KARACHI: Leading businessmen gathered at the Federation of Pakistan Chambers of Commerce and Industry (FPCCI) to analyse the looming threat of a Sri Lanka-like economic emergency as the dollar hit an all-time high of Rs224.92 against the local currency in the interbank market on Wednesday.

FPCCI President Irfan Iqbal Shiekh said the rupee’s free fall has reached a point where it has become a threat to national security as the letters of credit (LCs) for petroleum imports were being opened at a much higher rate than the interbank rate.

He feared that a serious law and order situation might emerge in the event of any fuel shortages for transportation and electricity generation. “We are not far from a Sri Lanka-like scenario and radical decisions are needed to reverse the situation,” he warned.

According to an FPCCI’s press release, leading businessman Aqeel Karim Dhedhi expressed his shock that despite the fact that many numbers are showing improvement over the last few weeks, such as global oil prices, declining edible oil prices and better supplies of many other commodities, the government has failed to rein in inflation.

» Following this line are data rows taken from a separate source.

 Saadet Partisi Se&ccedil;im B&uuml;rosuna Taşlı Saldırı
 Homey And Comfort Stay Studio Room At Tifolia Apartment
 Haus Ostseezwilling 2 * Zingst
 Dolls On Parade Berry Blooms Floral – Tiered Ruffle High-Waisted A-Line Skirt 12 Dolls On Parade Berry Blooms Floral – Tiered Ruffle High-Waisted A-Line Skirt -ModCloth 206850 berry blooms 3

Urge central bank to play role to end exchange rate volatility

The FPCCI chief emphasised that the State Bank of Pakistan (SBP) cannot continue with the free-floating exchange rate and has to apply regulatory tools to minimise speculation and uncertainty. He added that the country does not even have enough foreign exchange reserves to cover two months of imports.

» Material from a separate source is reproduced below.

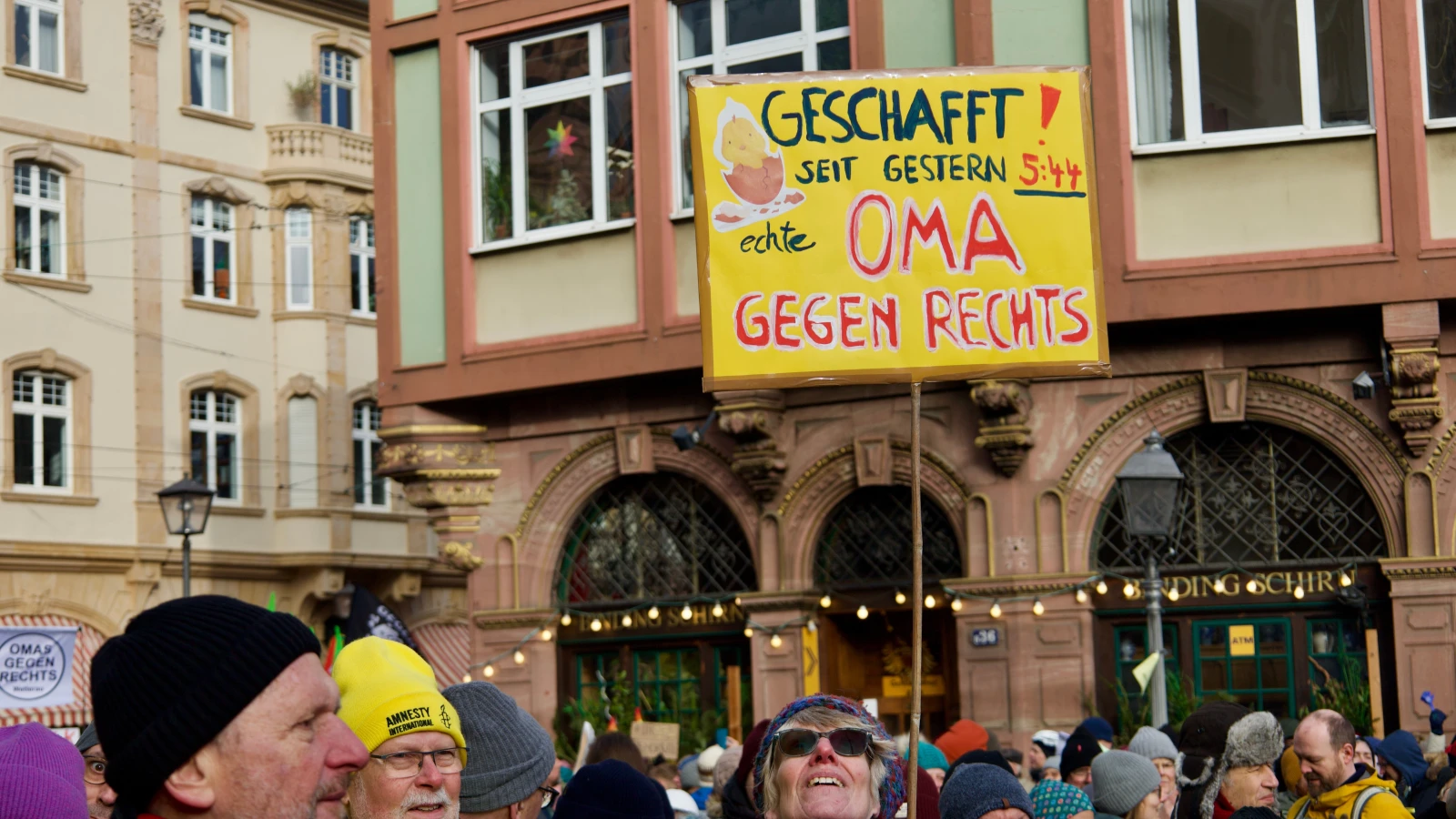 Frankfurt’ta Sağcı ve Irkçı Eğilimler Artıyor, © shutterstock Frankfurt’ta Sağcı ve Irkçı Eğilimler Artıyor, © shutterstock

Despite a foreign exchange bloodbath, the government has failed to appoint a governor for the SBP, which reflects poorly on the government’s seriousness in dealing with the situation, he said.

Patron Karachi Wholesalers Grocers Group (KWGA) Anis Majeed said the landing cost of imported pulses had increased by Rs7-8 per kg in the last 10 days due to continuous rupee deprecation against the dollar and its impact had not been passed to the wholesale rates by the traders due to uncertain future exchange rates. Traders import pulses under cash against documents rather than through opening letters of credit.

He said pulse imports already decreased by 29pc to 897,352 tonnes ($611m) in FY22 from 1.266m ($709m) in FY21. The average per tonne price rose to $681 from $560.

In a statement, Korangi Association of Trade and Industry (KATI) President Salman Aslam, said the business community had serious reservations about the government’s mysterious silence for not taking any steps to manage the declining economy.

He said that the value of the rupee was depreciating artificially, leaving the currency free-floating in the market and causing severe losses to the economy. Investors have lost confidence after the stock market crash and the negative rating of Pakistan by Fitch rating agency.

Mr Aslam predicted a storm of inflation if the rupee continued to fall against the dollar.

The president of the North Karachi Association of Trade and Industry (NKATI), Faisal Moiz Khan, urged the SBP to adopt effective strategies to stabilise the rupee and curb the continued appreciation of the dollar.

The SBP needs to play its role as a regulator to prevent a further rise in the dollar price, he said, fearing that Pakistani products would become uncompetitive in the world markets after the rising landing cost of imported raw materials in view of persistent rupee devaluation besides creating difficulties in timely fulfillment of export commitments.